# What needs to be done:
Retype nothing except the lines below from the one with "Building Photo - 479 Tequesta Dr" through the one with "Marlon Ritter 1.", exactly, with images left out.

# Data for processing:
---
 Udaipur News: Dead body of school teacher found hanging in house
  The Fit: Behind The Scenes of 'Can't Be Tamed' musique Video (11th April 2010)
---
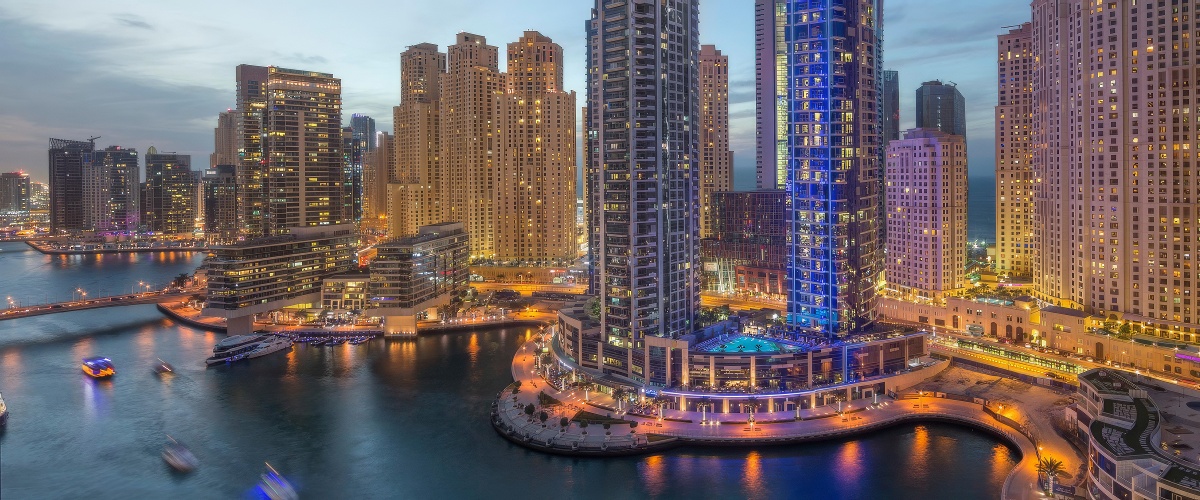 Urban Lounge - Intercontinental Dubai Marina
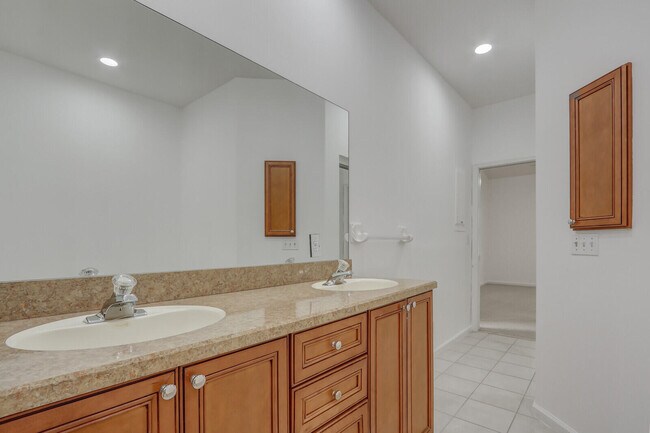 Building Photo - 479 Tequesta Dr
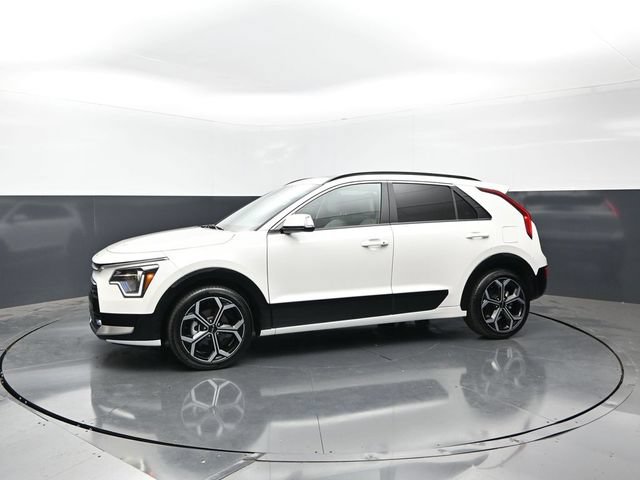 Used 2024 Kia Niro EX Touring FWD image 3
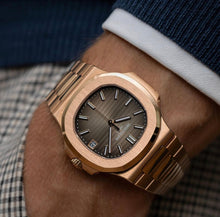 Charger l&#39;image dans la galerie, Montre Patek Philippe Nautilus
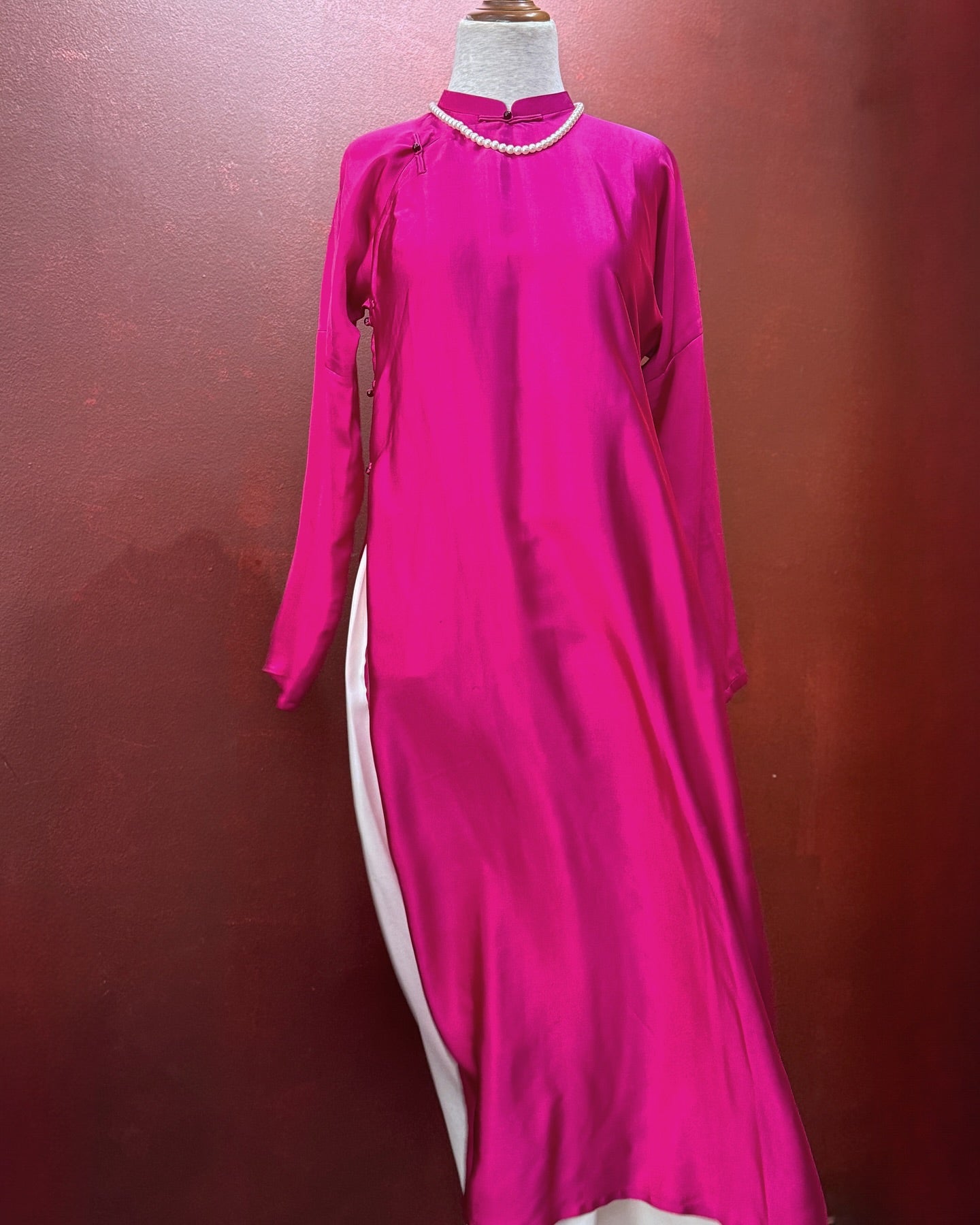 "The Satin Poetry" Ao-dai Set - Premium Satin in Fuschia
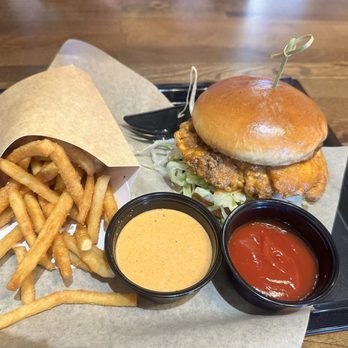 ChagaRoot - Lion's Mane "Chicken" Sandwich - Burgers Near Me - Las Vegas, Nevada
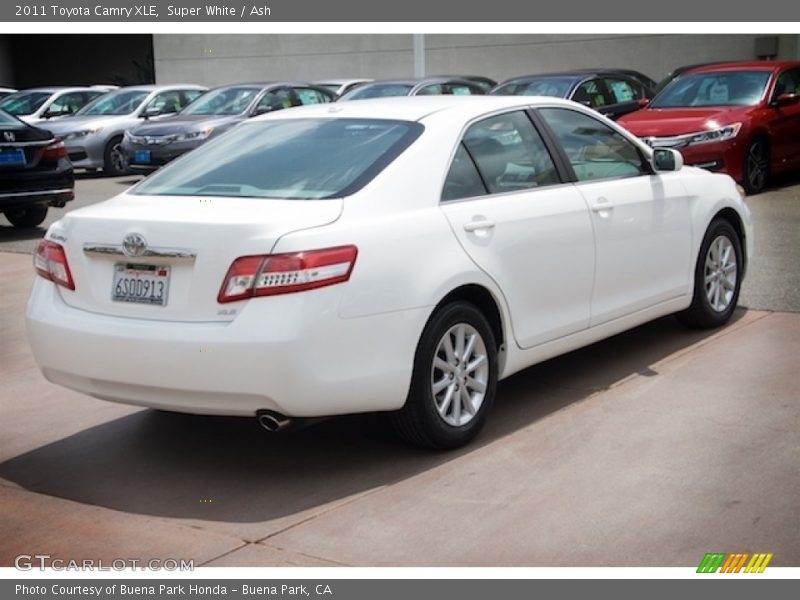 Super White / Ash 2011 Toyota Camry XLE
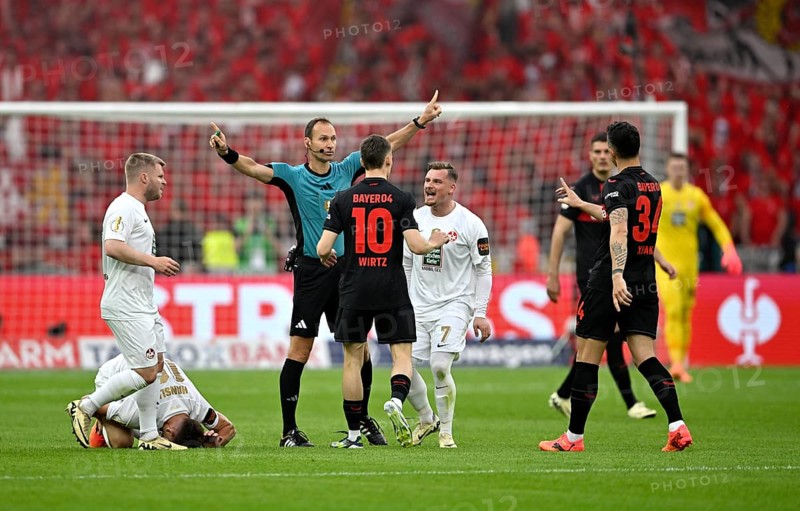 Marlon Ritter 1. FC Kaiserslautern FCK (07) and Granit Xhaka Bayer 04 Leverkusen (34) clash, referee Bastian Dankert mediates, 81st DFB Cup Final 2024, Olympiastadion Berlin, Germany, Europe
---
# Expected output:
 Building Photo - 479 Tequesta Dr
 Used 2024 Kia Niro EX Touring FWD image 3
 Charger l&#39;image dans la galerie, Montre Patek Philippe Nautilus
 "The Satin Poetry" Ao-dai Set - Premium Satin in Fuschia
 ChagaRoot - Lion's Mane "Chicken" Sandwich - Burgers Near Me - Las Vegas, Nevada
 Super White / Ash 2011 Toyota Camry XLE
 Marlon Ritter 1. FC Kaiserslautern FCK (07) and Granit Xhaka Bayer 04 Leverkusen (34) clash, referee Bastian Dankert mediates, 81st DFB Cup Final 2024, Olympiastadion Berlin, Germany, Europe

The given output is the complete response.